Last Tuesday was my first day of doing ministry in a long while. It feels good to be back, better then expected even. While I tend to be hesitant to move forward, I feel the holy spirit telling me that it's going to be ok.
Speaking of my good friend, the Holy Spirit. I never fully understood what people meant when they said how the spirit led them here or to do this or that. Because I tend toward the sensitive side, I've always been aware that I can't always rely on how I feel. I wonder how many times I actually dismissed the prompting of the Holy Spirit in an effort to suppress my own seemingly "over-emotional" feelings? Honestly, I don't even know if it works that way. When it comes to the "Spirit" I'm pretty clueless. That just proves how ungodly I really am.

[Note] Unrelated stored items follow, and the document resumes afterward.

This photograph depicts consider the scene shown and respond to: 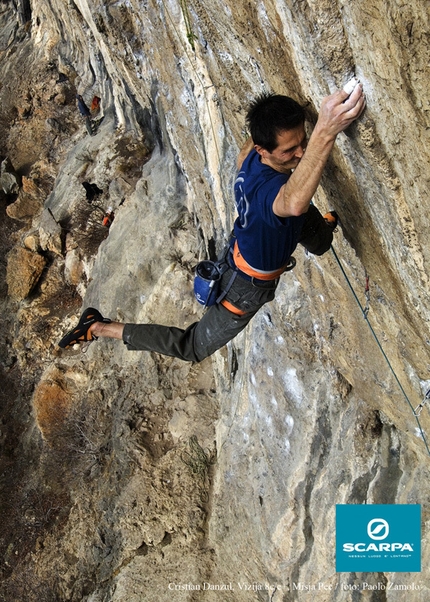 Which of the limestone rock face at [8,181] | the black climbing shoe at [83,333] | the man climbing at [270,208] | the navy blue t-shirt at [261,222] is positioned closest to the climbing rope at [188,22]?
the man climbing at [270,208]

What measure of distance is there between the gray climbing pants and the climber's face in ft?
1.99

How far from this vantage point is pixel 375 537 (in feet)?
13.8

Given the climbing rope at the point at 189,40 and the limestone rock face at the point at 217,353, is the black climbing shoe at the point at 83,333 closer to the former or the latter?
the limestone rock face at the point at 217,353

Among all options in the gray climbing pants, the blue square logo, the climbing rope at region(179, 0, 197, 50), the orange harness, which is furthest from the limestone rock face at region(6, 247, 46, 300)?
the blue square logo

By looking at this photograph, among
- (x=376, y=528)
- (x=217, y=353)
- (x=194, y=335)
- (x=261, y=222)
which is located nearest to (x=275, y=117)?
(x=261, y=222)

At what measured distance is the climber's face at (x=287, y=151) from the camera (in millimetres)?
2506

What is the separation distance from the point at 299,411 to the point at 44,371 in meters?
6.56

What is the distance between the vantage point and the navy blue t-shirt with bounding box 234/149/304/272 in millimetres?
2666

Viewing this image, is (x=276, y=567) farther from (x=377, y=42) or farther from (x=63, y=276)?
(x=63, y=276)

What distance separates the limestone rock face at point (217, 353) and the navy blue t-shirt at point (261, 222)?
1.26ft

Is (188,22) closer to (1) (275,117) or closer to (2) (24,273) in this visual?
(1) (275,117)

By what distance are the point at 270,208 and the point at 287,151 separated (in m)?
0.32

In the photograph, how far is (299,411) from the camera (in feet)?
15.4

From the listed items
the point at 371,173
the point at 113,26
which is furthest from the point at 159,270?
the point at 371,173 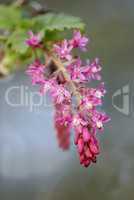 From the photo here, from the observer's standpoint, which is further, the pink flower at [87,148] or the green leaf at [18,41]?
the green leaf at [18,41]

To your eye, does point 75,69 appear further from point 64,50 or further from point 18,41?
point 18,41

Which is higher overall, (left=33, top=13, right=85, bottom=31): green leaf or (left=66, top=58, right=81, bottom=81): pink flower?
(left=33, top=13, right=85, bottom=31): green leaf

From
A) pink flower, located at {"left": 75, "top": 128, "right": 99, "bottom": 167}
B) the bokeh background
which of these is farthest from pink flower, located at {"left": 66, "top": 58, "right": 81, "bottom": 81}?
the bokeh background

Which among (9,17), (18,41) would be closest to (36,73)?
(18,41)

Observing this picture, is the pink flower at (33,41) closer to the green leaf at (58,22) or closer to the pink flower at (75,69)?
the green leaf at (58,22)

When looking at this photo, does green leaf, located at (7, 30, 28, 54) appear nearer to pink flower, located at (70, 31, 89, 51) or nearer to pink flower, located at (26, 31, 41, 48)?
pink flower, located at (26, 31, 41, 48)

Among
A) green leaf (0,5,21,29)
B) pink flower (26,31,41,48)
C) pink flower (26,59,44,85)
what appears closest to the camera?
pink flower (26,59,44,85)

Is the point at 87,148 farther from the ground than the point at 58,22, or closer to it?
closer to it

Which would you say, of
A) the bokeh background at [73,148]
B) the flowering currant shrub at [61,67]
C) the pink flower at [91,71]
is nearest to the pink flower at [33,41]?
the flowering currant shrub at [61,67] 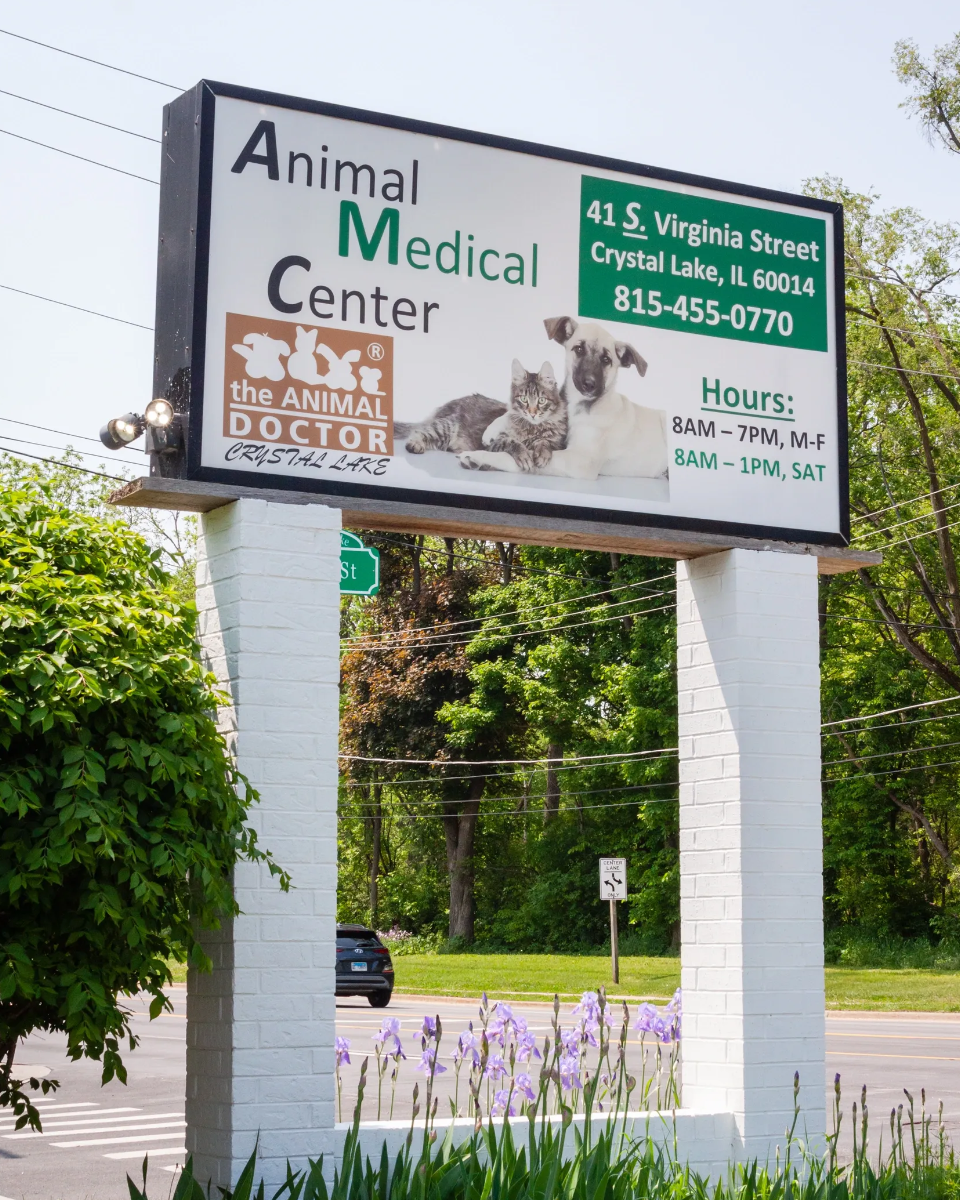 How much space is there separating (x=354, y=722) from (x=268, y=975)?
3874 cm

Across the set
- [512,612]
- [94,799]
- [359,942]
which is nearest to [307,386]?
[94,799]

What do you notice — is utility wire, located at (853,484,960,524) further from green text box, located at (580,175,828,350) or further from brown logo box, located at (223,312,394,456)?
brown logo box, located at (223,312,394,456)

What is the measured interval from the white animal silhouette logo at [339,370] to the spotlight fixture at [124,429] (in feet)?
2.61

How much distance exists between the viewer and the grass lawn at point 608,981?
82.6 ft

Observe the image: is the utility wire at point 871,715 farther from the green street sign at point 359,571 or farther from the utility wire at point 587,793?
the green street sign at point 359,571

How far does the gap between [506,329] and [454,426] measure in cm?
56

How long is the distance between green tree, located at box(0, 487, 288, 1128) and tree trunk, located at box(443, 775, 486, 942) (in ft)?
127

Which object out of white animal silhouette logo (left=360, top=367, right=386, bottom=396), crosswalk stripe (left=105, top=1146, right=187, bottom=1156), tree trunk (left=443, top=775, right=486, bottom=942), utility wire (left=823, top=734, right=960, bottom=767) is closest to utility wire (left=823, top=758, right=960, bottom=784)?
utility wire (left=823, top=734, right=960, bottom=767)

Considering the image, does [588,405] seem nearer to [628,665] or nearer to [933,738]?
[628,665]

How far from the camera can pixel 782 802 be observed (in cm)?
709

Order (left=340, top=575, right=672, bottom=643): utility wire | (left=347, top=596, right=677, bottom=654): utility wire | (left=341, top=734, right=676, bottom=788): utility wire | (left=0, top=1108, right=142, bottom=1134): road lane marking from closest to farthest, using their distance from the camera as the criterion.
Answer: (left=0, top=1108, right=142, bottom=1134): road lane marking, (left=340, top=575, right=672, bottom=643): utility wire, (left=347, top=596, right=677, bottom=654): utility wire, (left=341, top=734, right=676, bottom=788): utility wire

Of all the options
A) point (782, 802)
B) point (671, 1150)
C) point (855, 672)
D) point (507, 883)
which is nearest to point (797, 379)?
point (782, 802)

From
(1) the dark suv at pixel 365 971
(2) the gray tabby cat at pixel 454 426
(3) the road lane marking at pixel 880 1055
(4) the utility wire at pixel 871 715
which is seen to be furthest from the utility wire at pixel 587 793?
(2) the gray tabby cat at pixel 454 426

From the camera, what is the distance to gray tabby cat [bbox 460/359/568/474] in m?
6.79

Lately I've been praying that the Holy Spirit would reveal my sin to me. One reason is to recognize hidden sin so I can change it. Another reason is so I can be more amazed that I don't have to pay the penalty for my sin. How good is God that he saved us!? I, as a Christian become desensitized to the greatness of God. I constantly have to remind myself that what he did was an amazing gift! Not because I don't know, but because I want to feel the same way now as I did when it was all brand new. I crave those "first love" feelings that I felt towards God. Though with any "love" type relationship, I appreciate the deeper understanding that only comes with time. I've experienced that type of love only twice. My first with Jesus, and now my marriage to Matt. When the butterflies fly away and things are hard, the deep love remains. It's simply amazing.